The experiences of things can be characterized only by tracing the exhaust of their effects on the surrounding world and speculating about the coupling between that black noise and the experiences internal to an object. […]
The phenomenologist who performs carpentry creates a machine that tries to replicate the unit operation of another’s experience. Like a space probe sent out to record, process, and report information, the alien phenomenologist’s carpentry seeks to capture and characterize an experience it can never fully understand, offering a rendering satisfactory enough to allow the artifact’s operator to gain some insight into an alien thing’s experience.

How did the accidently sexist ontagraphic tool gain any insight of an alien thing’s experience? Or is ‘woman’ not sufficiently ‘alien’ for ‘man’? Or is it a case of the ‘alien’ experience of those specific women and the haecceitty of an unfortunately sexist OOO event website? Has OOO somehow managed to overcome relations of alterity? These aren’t fair questions, perhaps, as it would be ridiculous to suggest an OOO version of the differend, as this would make Bogost’s entire project untenable. But what does this ‘carpentry’ do?

Bogost’s I am TIA project sounds pretty cool. Through a metaphorical lens it characterizes (Bogost prefers ‘characterizes’, it seems, as compared to ‘represents’) the experience of a ‘television interface adaptor’ of an Atari VCS. Cool! Now what?

The Tableau Machine example illustrates how a ‘machinic’ perspective of a home “helps deliver the home’s residents out of anthropocentricism” (Bogost, citing Jane Bennett’s Vibrant Matter 120). Good! So what? Can we infer that Bogost (or maybe Benett) is implying that the residents are transformed akin to Felix Guattari’s introduction of ‘transversal’ practices into the psychiatric institution of La Borde and his hopes for the reconstitution of subjectivity etc?

The concluding section of Bogost’s chapter is titled “A New Radicalism”. He says that “real radicals […] make things” and challenges OOO to “become craftsmanship, challenging us to learn a trade”. Maybe Bogost is not aware of the whole “philosophy as toolbox, concepts as tools” notion from an interview between Foucault and Deleuze, or the development of Serres’s work on the invention of physics into what Deleuze and Guattari called a ‘minor science’ in A Thousand Plateaus. The purpose of mentioning Polanyi above was that he goes to great lengths to indicate how all abstract (‘explicit’) knowledges are premised on ‘tacit knowledges’. Or even Harman has noted that Heidegger discussed the extraction of ‘theory’ as part of a scholastic disposition from experience (in one of Heidegger’s very early lectures).
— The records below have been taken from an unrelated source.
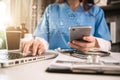 Medical technology concept. Doctor working with mobile phone and stethoscope. Royalty Free Stock Photo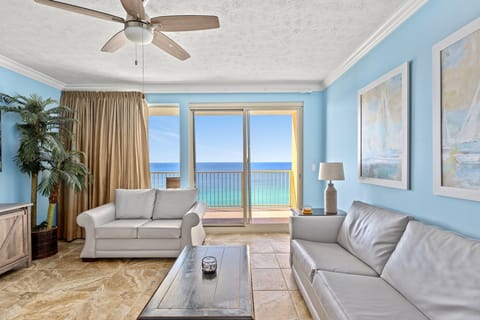 Relax in this coastal living room with ocean views and natural light.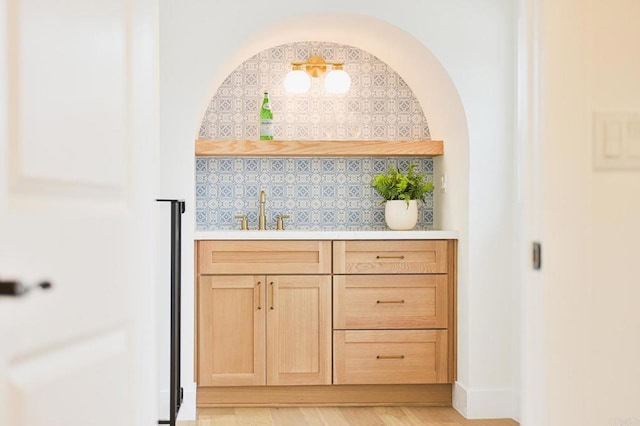 3728 Wawona Dr, San Diego, CA 92107 - bar area featuring a sink and tasteful backsplash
Bogost then returns to Crawford (his colleague Hugh or Soulcraft’s Matthew B.? I think it is meant to be Matthew B.) in the concluding passage to this chapter:

When people or toothbrushes or siroccos make sense of encountered objects, they do so through metaphor. As Whitehead and Latour suggest, this process requires creative effort, challenging OOO to become craftsmanship, challenging us to learn a trade. We tend to think of creativity as construction, the assembly of something new out of known parts. A novel is made of words and ink and paper, a painting of pigments and canvas and medium, a philosophy of maxims and arguments and evidence, a house of studs and sheetrock and pipes. Perhaps in the future, following Crawford’s example, radical philosophers will raise not their fists but their hammers.

Now I am really confused. Bogost seems to be collapsing two kinds of experience. One that is developed in humans, following Crawford’s axiom “real knowledge arises through confrontation with real things”, and the experience that objects have of whatever (the other objects that constitute their ‘environment’ in the ecological/systems sense?). That is not the confusing thing however. Confusing is, firstly, the suggestion that any objects whatsoever “make sense of encountered objects” as Bogost has not discussed ‘sense’ at all, at least not in any way that correlates with philosophies of sense that I am familiar with (vaguely Frege or Deleuze), and secondly that this sense making is carried out through “metaphor”. Hmmm… Bogost has described how human philosophers have created artifacts that offer a metaphorical representation of machinic experience, not how those actual objects have used metaphor (or some kind of machinic equivalent…?) to “make sense”. I can understand a multiplicity of experiences (this experience is as singular as that experience), but the simple projection of anthropomorphic concepts like ‘sense’ or ‘metaphor’ from the OOO philosophical domain and using them to ‘characterise’ the existence of objects is contradictory (and that is putting it mildly) of what would seem to be the basic tenets of OOOism. What is all this gruff talk about ‘taking objects seriously’ if objects are reduced to being mere vehicles of philosophical metaphor?

9 replies on “Bogost’s Philosophical Carpentry of what?”

  1. “How did the accidently sexist ontagraphic tool gain any insight of an alien thing’s experience?”

    The alien thing is presumably the mass of data stored in Google.

  2. What is here called “metaphor” is the engine oil of causality, for OOO. See Graham Harman, Guerilla Metaphysics, and my forthcoming Realist Magic, which is about OOO causality. Metaphor can happen between a rock and some water.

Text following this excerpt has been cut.